Sand Island Savagery

Welcome to Sand Island. Today, more 40% of all double-crested cormorants in the West nest at East Sand Island, the only place on the Pacific Flyway where their population is growing.
 
PEER is trying to block a U.S. Army Corps of Engineers plan to shoot 20,000 double-crested cormorants at short range as mating begins.  The Corps has eschewed non-lethal alternatives, in part due to bureaucratic impatience, and in part because it is unknown where displaced cormorants would relocate.  Rather than engage scientists to manage these conflicts, the Corps wants to hire snipers.  
 
This cormorant eradication plan is a function of unintended consequences from prior human interventions. Dams along the Columbia-Snake River system operated by the Corps block the natural migration of fish. So, large hatchery populations of otherwise endangered salmon and steelhead are released into the lower reaches of the Columbia. This piscine smorgasbord has drawn growing populations of fish-eating birds, such as the Caspian tern, brown pelicans and cormorants to Sand Island, in the Columbia Estuary five miles from the Pacific.
 
To reduce loss of juvenile salmon and steelhead, the Corps wants to slash the 15,000 nesting pairs of double-crested cormorants on East Sand Island by nearly two-thirds.  To kill this jaw-dropping number of birds, the Corps will engage teams of shooters from Wildlife Services to convert blinds and tunnels used for many years by scientists to monitor the largest rookery of its kind in North America into mass killing platforms. But the plan –
 
  • Requires marksmen shooting with silencers and night-vision scopes to kill several hundred birds each night during the two weeks between when the cormorants arrive on the Island and when they start laying eggs. 

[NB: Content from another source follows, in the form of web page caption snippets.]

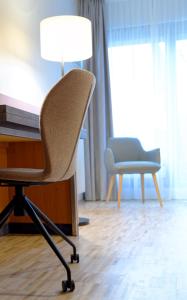 a chair sitting next to a desk with a lamp at Hotel am Kloster in Werne an der Lippe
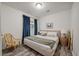 Charming bedroom with a pink upholstered bed, dark blue curtains, and a woven accent chair at 928 Sycamore Ave, Charleston, SC 29407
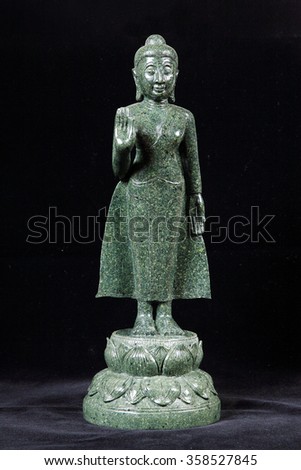 Jade sculpture of buddha isolated on black background.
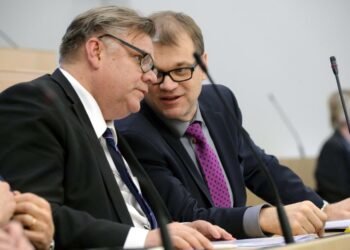 Ulkoministeri Timo Soini ja pääministeri Juha Sipilä kuiskailemassa toisilleen eduskunnan kyselytunnilla marraskuussa 2015.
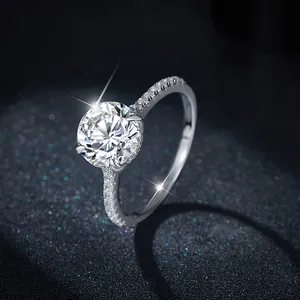 Elegant 925 sterling silver moissanite ring with round-cut stone and paved band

  • Does not explain how marksmen would exact this heavy toll without disturbing other fish-eating birds nesting on the Island, such as Brant’s cormorant, whose nests are intermingled with their double-crested cousins, amidst the world’s largest colony of endangered California brown pelican; and
  • Is silent on where thousands of carcasses on the low-lying 50-acre tract will be disposed.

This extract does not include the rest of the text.